Actually, now that I’m using the Canon EOS R, I have switched from using my old cable releases to Canon’s BR-E1 which is a Bluetooth Wireless Remote Control. I really like this little remote release, as it’s small and easy to carry around, although I almost lost it at our last lodge because it’s so small it had slipped under the lip of a coffee tray in my room. Luckily one of the members of the staff found it during a scan of my room and caught up with us at our vehicle before we left, so he earned a nice tip that morning, and I didn’t have to buy a new remote control. It did make me think though that I need to put a lanyard on it, to make it more obvious where it is, and maybe also just hang it around my neck rather than keeping it in my pocket most of the time.

The Himba People

Namibia is having a very severe drought this year, and although that is terrible on many levels that I won’t go into now, we had been worried because we’d heard that the Himba people that we usually visit during this trip had gone nomad searching for water for their goats. Luckily though, as we made our way up to Palmwag which is a couple of hours south of where they live, we did get confirmation that they had returned, so we were now finally able to look forward to visiting them.

If you’ve been following my photos from Namibia over the years, you’ll know that I have been photographing one young girl literally since she was a small child, and this year I was blown away to find that she’d transitioned from the two plaits that are a mark of the young Himba girls, to the many plaits coated in ocher clay, as you can see in this photograph of her. I’m going to put the two images of this young lady that I’d like to share side by side, for formatting purposes.

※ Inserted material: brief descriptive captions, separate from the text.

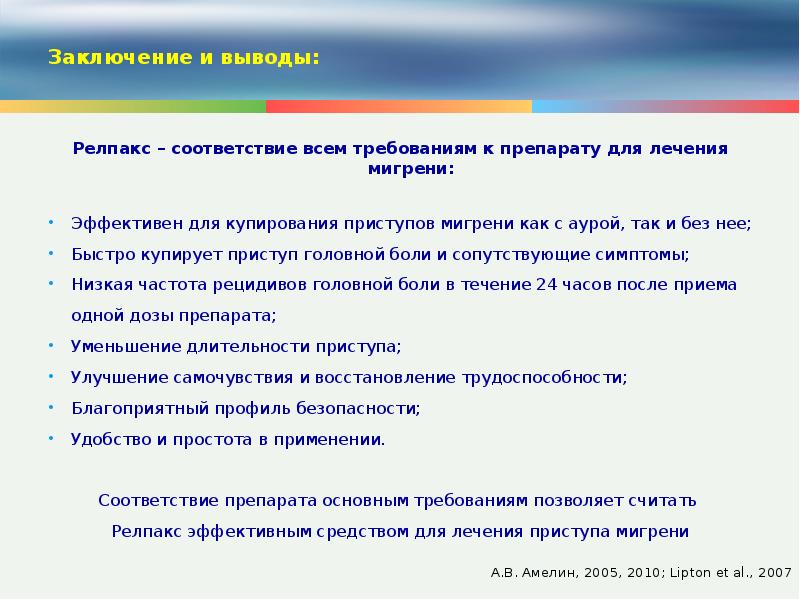 Требованиям позволяющие. Презентация на тему мигрень. Мигрень заключение. Профилактика мигрени с аурой. Купирование приступа мигрени с аурой.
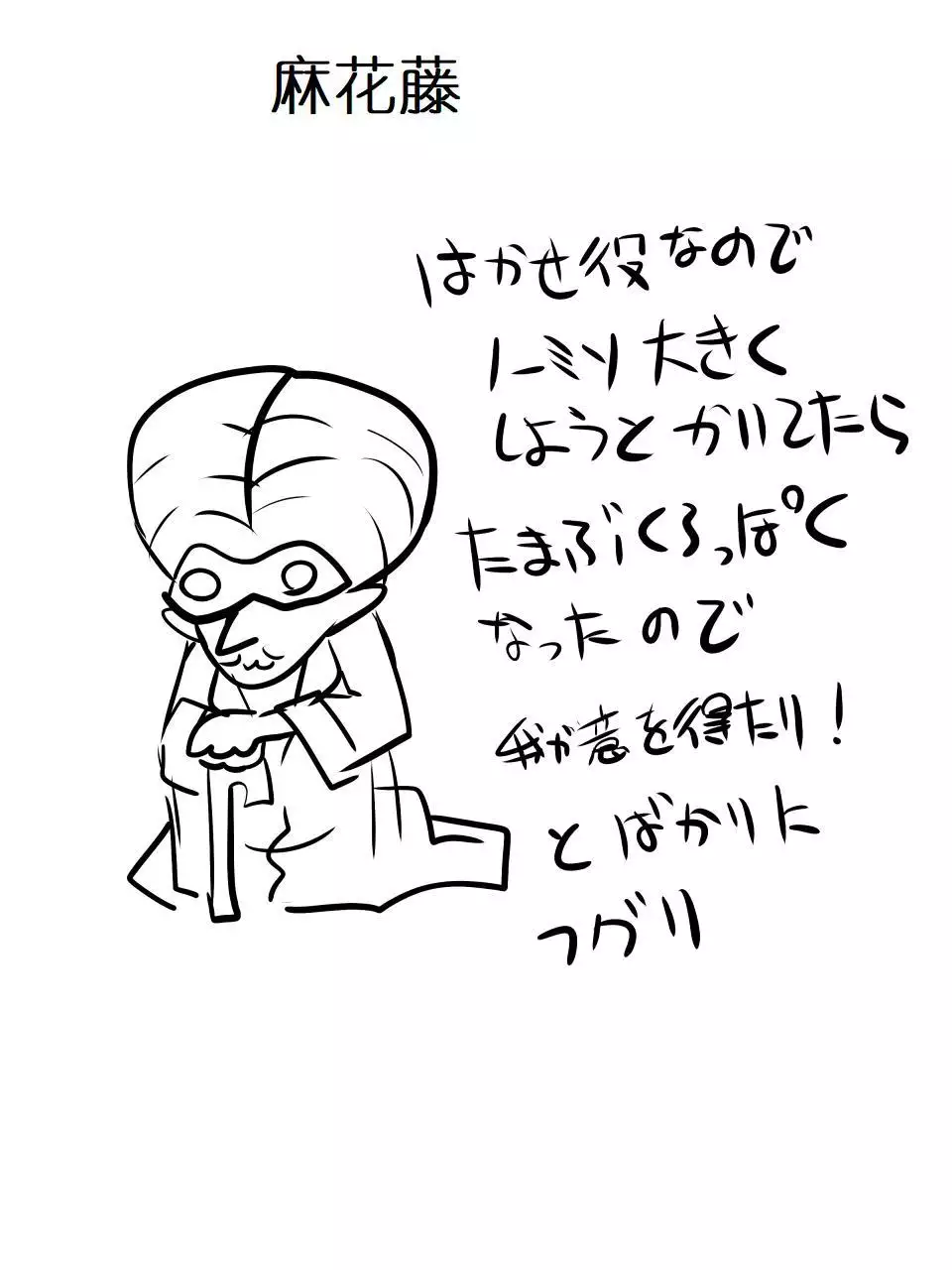 Superheroine Yuukai Ryoujoku - Superheroine in Distress | 凌辱诱拐2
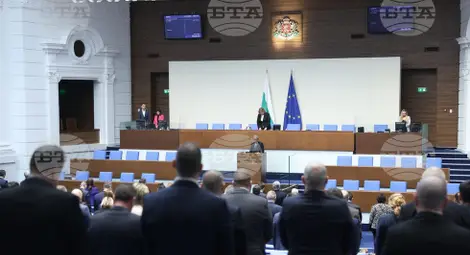 Снимка: БТА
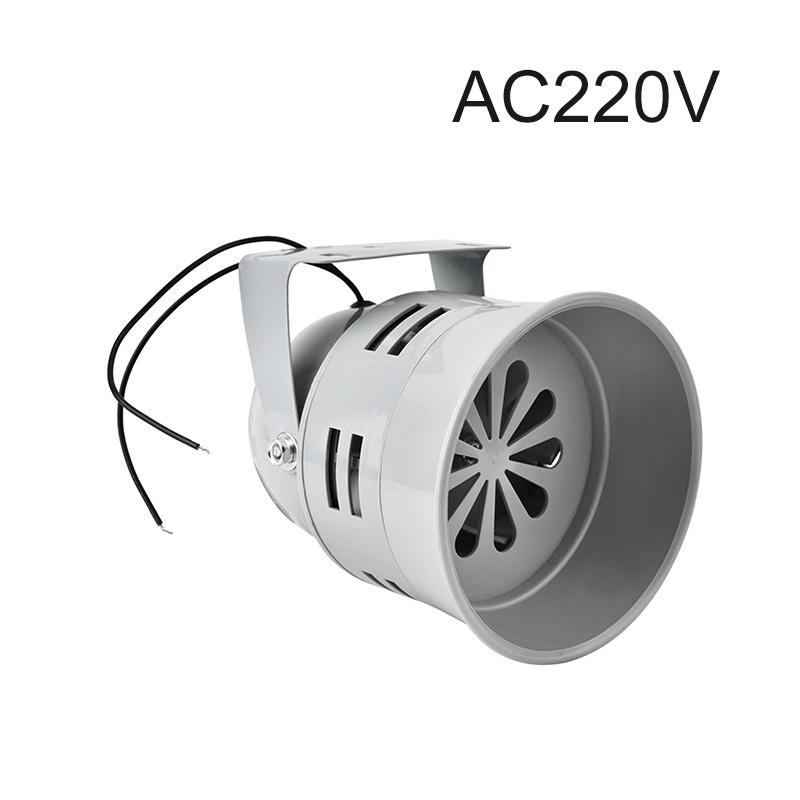 Metal Mini Motor Siren For Alarm MS-290 Electric Motor Driven Alarm Factory Transport Vehicle Fire Prevention Horn Sound System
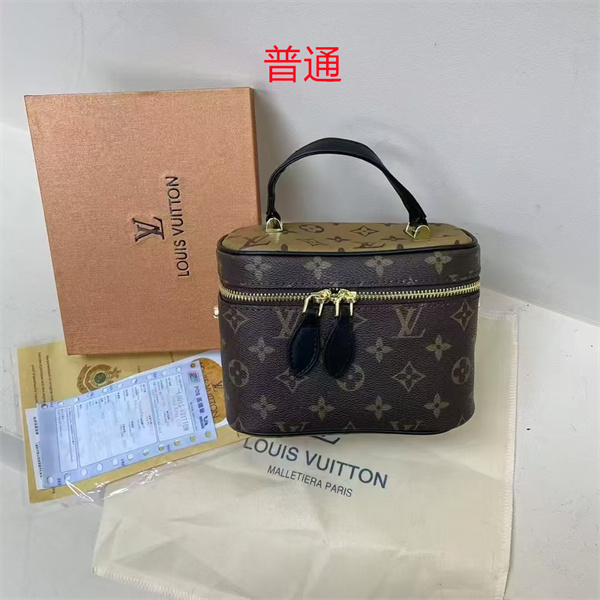 LV small bag-1509
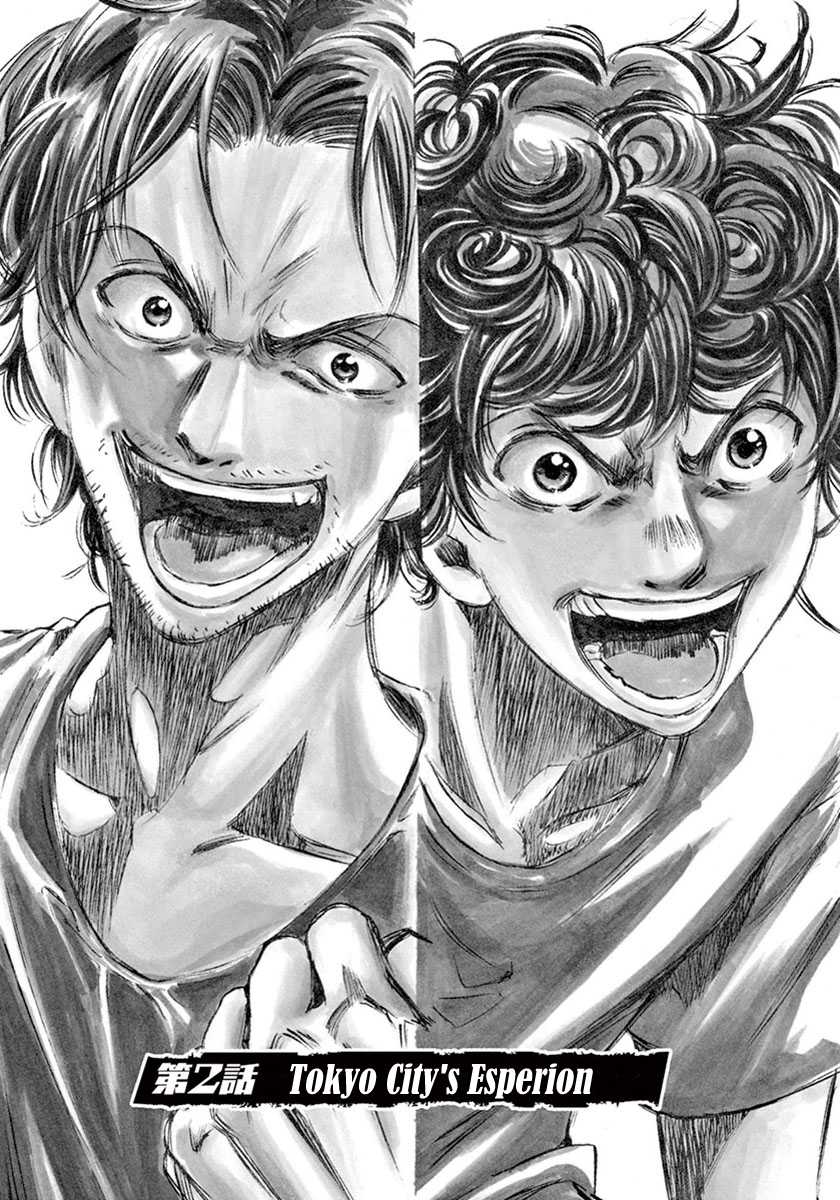 Baca Manga Ao Ashi Chapter 2 Gambar 2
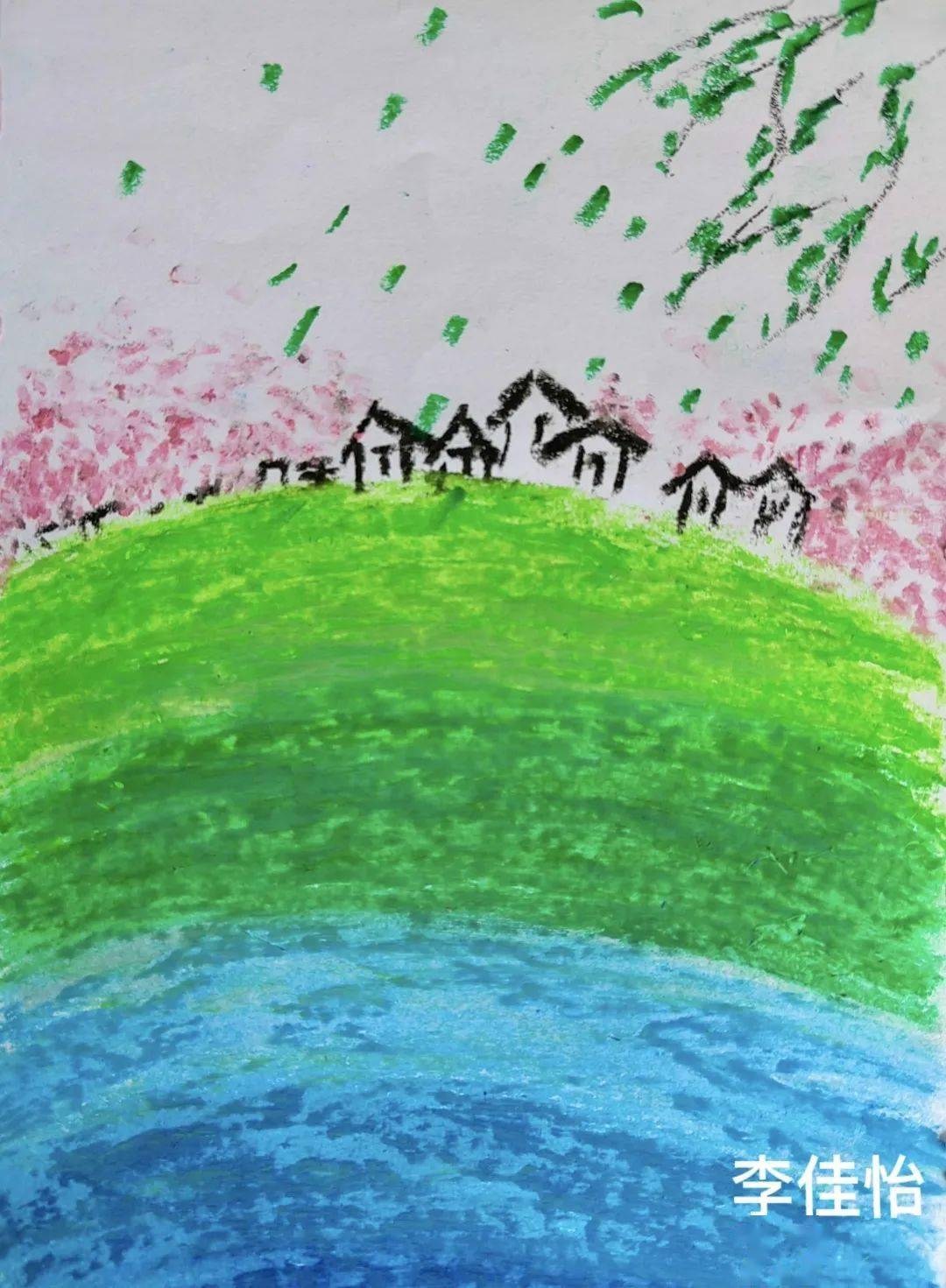 家国31第1080期绽放的魅力青岛31中线上美术课堂作业作品展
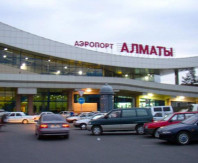 аэропорт в Алматы Transfer24.kz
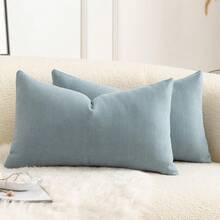 1件柔软舒适的雪尼尔枕套，适用于家居装饰、沙发、客厅、卧室装饰靠垫套
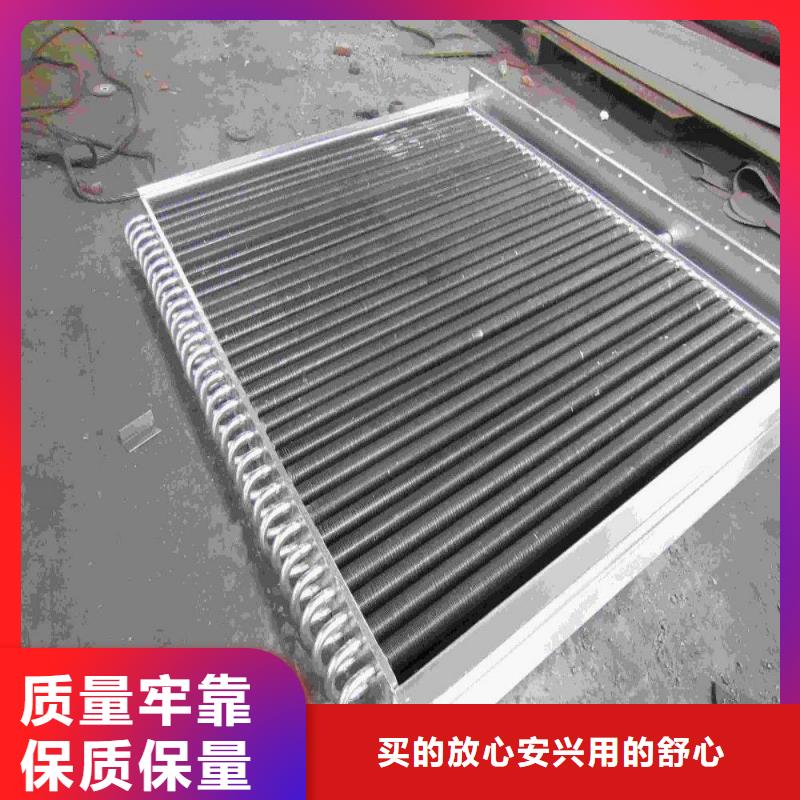 水箱散热器直供厂家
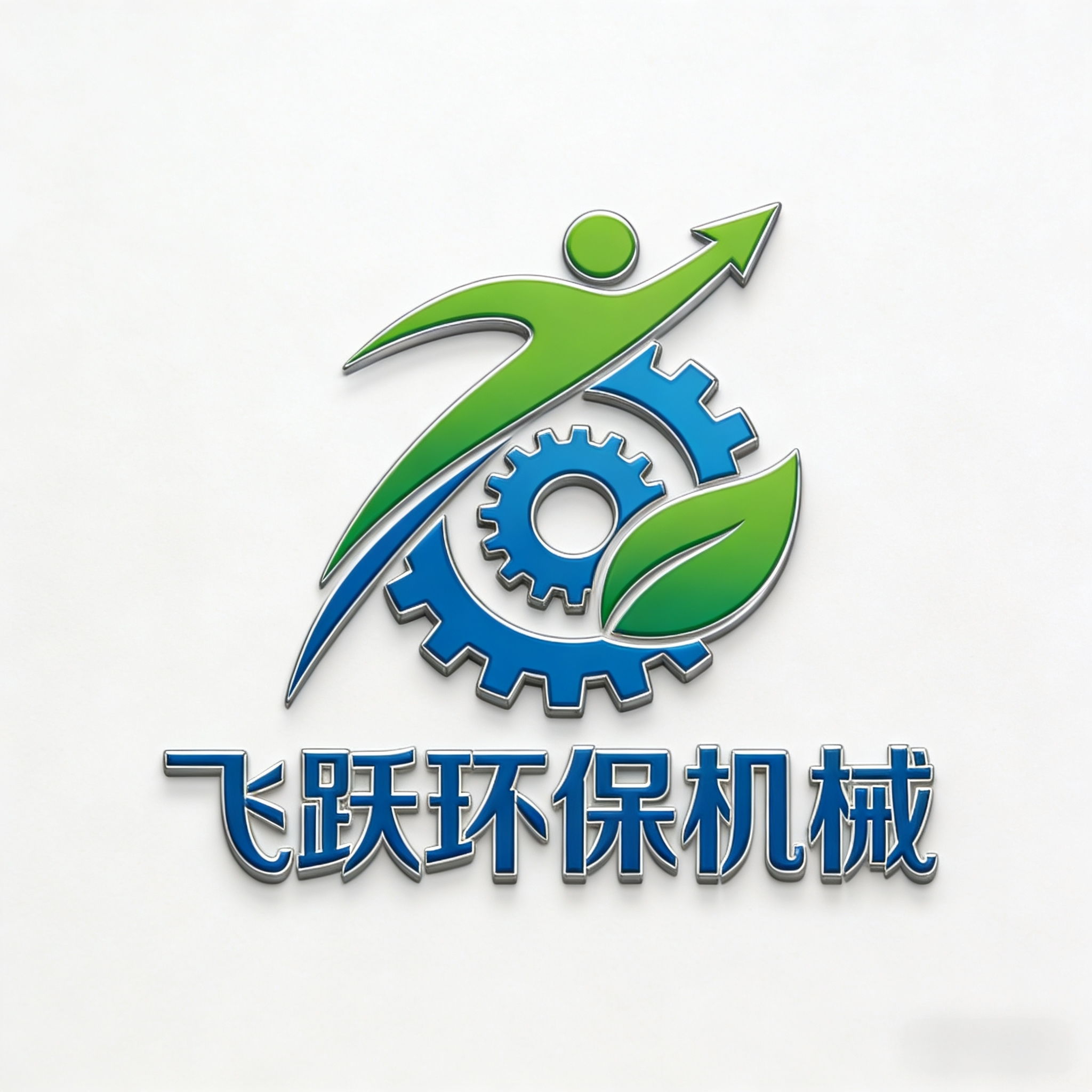 飞跃环保机械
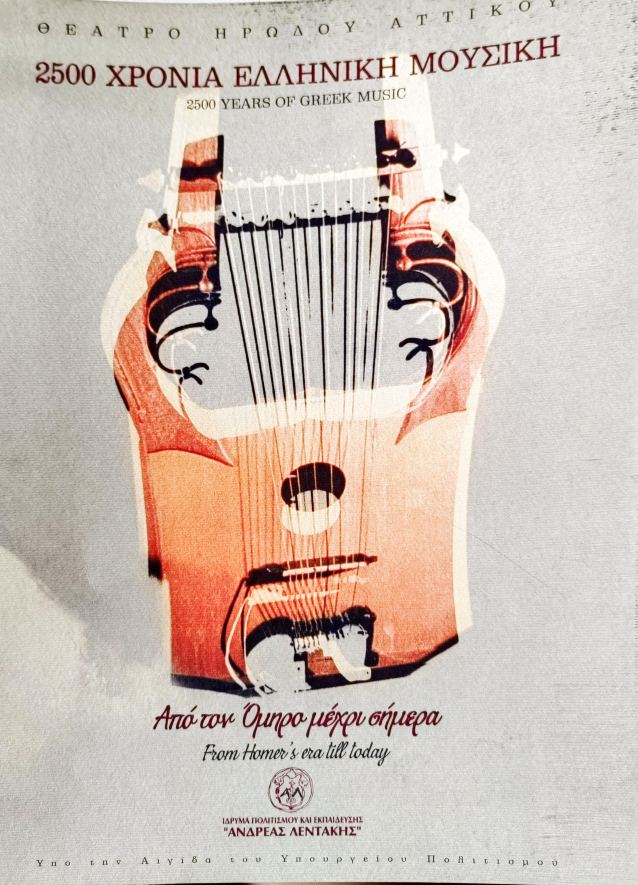 mousiki-omiros-simera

I was actually worried following last years tour that I might not be able to photograph this girl again, because she was busy tending the goats, and it seemed to inconvenience her to come and be photographed. This year though, in her new regalia including the large shell that signifies that she’s now eligible to marry, she has truly transformed into a young woman, although still so young that she isn’t allowed to speak in a loud voice like her older sisters.

Special Moment

The second photograph that I’m sharing of her was a gift, maybe a prize for my diligence with the camera. We literally only spend a few minutes at a time with these people inside their huts, and I had just asked her to sit slightly differently, and as she rocked forwards, she paused for a brief moment, and I got a glimpse of an expression that I’d not seen before, and find enigmatic and thoughtprovoking, as though she herself is in deep thought. It was, of course, just a fleeting moment, but I think this is probably one of my favorite photographs of her to date, so I’m happy that I kept tuned in and caught this expression when I had the chance.

Canon RF 50mm f/1.2L lens

I’d also like to mention before we move on, that I shot these images using the new Canon RF 50mm f/1.2L lens, which is absolutely stunning! The 85mm f/1.4 lens that I used here last year is nice, but it’s a bit too long a focal length to work inside these huts, plus, the nearest focus distance is a little on the long side as well. The new RF 50mm can focus as close as 40 cm compared to 85 cm for the EF 85mm f/1.4 lens, and that is a huge bonus.

Canon RF 50mm f/1.2L USM Lens
Finally a 50mm wide aperture lens from Canon that not only works, but is amazing!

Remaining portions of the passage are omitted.